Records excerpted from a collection
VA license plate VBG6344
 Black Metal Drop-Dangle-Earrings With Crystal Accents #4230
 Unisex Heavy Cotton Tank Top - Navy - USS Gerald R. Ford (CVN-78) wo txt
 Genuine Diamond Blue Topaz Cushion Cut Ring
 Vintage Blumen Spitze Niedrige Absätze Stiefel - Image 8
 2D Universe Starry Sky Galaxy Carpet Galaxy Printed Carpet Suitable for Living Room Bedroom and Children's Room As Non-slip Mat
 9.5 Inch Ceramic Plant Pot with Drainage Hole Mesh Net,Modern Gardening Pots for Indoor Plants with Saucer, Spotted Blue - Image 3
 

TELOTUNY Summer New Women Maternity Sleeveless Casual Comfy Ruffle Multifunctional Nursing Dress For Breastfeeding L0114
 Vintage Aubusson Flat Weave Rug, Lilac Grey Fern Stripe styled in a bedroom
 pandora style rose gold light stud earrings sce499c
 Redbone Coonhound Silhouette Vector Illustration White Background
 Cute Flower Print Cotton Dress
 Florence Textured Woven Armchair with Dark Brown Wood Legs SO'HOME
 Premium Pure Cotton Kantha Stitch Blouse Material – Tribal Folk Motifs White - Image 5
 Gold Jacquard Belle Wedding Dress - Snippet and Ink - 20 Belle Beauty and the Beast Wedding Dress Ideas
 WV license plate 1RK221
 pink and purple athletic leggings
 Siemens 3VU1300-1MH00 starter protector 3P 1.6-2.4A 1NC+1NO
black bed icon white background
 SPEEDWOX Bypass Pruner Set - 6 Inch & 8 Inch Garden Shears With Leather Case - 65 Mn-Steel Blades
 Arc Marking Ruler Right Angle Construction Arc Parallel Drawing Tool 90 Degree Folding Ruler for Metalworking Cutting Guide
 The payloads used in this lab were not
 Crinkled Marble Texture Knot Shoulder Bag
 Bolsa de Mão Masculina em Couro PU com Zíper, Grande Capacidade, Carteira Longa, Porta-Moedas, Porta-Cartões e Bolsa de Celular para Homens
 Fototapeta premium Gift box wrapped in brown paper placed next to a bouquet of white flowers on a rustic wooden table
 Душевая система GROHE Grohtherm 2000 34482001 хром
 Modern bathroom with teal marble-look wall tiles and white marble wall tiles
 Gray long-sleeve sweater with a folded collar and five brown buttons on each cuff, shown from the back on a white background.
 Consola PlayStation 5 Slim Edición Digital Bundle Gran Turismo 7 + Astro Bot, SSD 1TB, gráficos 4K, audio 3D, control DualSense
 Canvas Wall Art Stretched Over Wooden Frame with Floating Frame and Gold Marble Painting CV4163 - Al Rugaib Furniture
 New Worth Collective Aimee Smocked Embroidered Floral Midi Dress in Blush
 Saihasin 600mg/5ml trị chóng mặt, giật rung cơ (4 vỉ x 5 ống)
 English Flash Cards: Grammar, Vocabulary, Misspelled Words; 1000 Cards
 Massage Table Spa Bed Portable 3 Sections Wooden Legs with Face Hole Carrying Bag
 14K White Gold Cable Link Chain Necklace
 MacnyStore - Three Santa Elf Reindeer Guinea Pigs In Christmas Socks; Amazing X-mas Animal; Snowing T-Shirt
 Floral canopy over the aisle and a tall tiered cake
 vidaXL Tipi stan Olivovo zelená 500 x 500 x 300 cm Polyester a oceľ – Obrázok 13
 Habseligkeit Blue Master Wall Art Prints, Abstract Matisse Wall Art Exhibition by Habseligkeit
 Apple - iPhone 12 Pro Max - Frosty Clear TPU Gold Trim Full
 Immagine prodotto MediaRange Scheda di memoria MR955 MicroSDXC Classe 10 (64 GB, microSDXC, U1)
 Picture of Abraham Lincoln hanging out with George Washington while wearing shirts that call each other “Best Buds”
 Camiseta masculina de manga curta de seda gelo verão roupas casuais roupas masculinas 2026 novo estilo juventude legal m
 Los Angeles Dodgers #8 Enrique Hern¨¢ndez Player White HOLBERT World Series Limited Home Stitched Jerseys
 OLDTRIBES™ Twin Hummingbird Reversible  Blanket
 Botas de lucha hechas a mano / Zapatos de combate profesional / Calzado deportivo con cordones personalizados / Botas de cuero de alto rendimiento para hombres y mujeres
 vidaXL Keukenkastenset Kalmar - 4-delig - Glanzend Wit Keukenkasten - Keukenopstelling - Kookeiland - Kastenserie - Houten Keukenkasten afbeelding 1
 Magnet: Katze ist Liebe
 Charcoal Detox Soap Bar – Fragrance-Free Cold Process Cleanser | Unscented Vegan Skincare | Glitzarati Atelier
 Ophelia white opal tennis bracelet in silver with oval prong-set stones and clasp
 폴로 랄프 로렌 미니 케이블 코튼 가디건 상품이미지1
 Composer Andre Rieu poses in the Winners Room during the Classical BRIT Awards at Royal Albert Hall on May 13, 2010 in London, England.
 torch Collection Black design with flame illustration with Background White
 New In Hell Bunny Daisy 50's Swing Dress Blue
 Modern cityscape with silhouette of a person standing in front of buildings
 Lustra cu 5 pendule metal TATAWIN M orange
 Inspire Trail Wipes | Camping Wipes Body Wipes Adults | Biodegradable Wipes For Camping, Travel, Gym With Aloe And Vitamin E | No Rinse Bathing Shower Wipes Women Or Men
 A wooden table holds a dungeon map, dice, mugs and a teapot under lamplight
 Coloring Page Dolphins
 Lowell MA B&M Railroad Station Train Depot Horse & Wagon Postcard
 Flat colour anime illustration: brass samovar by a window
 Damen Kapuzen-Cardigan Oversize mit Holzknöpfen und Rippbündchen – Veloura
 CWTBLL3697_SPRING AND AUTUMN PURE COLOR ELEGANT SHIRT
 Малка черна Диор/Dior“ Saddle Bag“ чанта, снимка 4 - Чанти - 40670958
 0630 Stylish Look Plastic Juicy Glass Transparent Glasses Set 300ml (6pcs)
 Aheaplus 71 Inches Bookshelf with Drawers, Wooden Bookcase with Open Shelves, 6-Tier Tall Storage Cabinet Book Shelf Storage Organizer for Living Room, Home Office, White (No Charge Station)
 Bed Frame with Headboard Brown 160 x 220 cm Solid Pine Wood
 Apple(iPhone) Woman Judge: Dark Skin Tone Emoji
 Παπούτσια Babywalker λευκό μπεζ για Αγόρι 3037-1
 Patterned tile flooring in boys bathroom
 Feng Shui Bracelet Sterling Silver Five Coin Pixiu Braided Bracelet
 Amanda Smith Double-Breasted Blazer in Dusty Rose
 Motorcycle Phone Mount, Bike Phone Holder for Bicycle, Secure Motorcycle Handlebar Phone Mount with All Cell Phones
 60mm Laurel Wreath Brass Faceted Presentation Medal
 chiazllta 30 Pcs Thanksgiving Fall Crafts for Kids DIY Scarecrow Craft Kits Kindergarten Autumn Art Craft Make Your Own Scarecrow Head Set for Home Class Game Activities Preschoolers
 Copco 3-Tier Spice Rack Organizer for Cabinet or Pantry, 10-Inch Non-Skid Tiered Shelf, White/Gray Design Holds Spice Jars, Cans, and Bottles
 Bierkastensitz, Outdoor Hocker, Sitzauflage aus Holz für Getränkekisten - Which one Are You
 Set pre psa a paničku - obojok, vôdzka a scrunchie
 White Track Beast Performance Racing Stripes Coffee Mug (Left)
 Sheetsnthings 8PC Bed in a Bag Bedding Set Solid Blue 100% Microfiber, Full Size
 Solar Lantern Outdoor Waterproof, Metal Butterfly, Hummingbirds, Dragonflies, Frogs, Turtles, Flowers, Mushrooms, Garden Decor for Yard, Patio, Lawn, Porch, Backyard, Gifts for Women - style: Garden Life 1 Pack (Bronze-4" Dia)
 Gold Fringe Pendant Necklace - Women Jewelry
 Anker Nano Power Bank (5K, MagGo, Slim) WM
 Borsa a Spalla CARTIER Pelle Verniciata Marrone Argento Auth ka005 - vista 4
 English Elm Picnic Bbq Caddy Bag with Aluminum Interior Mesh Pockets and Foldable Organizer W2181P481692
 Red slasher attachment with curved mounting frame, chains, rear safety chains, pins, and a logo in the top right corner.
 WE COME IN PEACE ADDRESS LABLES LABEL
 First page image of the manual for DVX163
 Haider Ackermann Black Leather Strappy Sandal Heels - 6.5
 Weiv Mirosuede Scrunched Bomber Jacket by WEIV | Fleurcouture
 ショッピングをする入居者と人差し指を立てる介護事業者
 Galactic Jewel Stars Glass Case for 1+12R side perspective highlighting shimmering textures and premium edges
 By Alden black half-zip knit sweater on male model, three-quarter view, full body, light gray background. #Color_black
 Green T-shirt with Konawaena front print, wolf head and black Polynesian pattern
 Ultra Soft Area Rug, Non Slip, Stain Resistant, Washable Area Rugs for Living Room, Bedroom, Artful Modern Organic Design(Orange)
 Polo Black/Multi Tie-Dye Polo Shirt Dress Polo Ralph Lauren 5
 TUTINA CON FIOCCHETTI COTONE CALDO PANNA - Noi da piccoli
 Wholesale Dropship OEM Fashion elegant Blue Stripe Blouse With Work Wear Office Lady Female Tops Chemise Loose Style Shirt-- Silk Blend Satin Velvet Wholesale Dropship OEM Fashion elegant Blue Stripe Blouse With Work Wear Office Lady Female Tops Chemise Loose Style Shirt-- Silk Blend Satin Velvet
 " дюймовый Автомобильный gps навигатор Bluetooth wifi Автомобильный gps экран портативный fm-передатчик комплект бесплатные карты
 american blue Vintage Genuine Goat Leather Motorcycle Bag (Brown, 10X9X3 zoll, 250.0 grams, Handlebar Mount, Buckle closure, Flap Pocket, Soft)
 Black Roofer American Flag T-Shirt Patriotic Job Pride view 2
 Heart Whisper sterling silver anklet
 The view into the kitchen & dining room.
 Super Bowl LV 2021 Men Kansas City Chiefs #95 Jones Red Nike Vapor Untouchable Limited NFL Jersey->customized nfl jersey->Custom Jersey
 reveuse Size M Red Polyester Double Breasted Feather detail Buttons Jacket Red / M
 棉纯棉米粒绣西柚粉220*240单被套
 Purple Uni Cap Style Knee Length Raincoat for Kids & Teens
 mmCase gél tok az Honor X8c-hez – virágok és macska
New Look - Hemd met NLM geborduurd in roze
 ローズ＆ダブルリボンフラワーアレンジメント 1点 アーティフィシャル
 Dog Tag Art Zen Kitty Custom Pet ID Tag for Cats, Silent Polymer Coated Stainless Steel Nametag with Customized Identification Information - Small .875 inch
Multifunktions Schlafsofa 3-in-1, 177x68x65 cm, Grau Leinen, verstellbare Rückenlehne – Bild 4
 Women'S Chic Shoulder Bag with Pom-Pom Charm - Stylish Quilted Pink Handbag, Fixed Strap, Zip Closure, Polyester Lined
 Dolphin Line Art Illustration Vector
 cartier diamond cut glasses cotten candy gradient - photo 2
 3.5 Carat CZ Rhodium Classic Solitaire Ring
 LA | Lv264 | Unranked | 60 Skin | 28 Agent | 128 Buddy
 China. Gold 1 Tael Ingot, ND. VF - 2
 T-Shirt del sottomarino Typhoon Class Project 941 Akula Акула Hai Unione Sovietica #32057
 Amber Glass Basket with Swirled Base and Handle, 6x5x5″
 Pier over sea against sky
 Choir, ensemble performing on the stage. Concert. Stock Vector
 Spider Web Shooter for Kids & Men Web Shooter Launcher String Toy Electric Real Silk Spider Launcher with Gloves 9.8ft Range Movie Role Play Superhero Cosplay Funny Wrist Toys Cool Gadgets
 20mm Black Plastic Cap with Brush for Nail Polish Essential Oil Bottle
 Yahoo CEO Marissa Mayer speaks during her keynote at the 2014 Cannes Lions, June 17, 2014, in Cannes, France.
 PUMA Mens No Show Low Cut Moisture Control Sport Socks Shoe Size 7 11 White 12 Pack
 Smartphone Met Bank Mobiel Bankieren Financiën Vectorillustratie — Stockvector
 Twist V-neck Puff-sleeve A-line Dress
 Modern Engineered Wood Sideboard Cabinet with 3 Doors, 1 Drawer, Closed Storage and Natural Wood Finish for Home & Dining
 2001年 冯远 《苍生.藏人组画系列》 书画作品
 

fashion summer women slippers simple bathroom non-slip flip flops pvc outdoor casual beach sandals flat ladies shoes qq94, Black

PROBLEM:
What do the lines above say from the one containing "The view into the kitchen & dining room." down to the one containing "mmCase gél tok"? Return them exactly, both end lines included, and only them.

TASK ANSWER:
 The view into the kitchen & dining room.
 Super Bowl LV 2021 Men Kansas City Chiefs #95 Jones Red Nike Vapor Untouchable Limited NFL Jersey->customized nfl jersey->Custom Jersey
 reveuse Size M Red Polyester Double Breasted Feather detail Buttons Jacket Red / M
 棉纯棉米粒绣西柚粉220*240单被套
 Purple Uni Cap Style Knee Length Raincoat for Kids & Teens
 mmCase gél tok az Honor X8c-hez – virágok és macska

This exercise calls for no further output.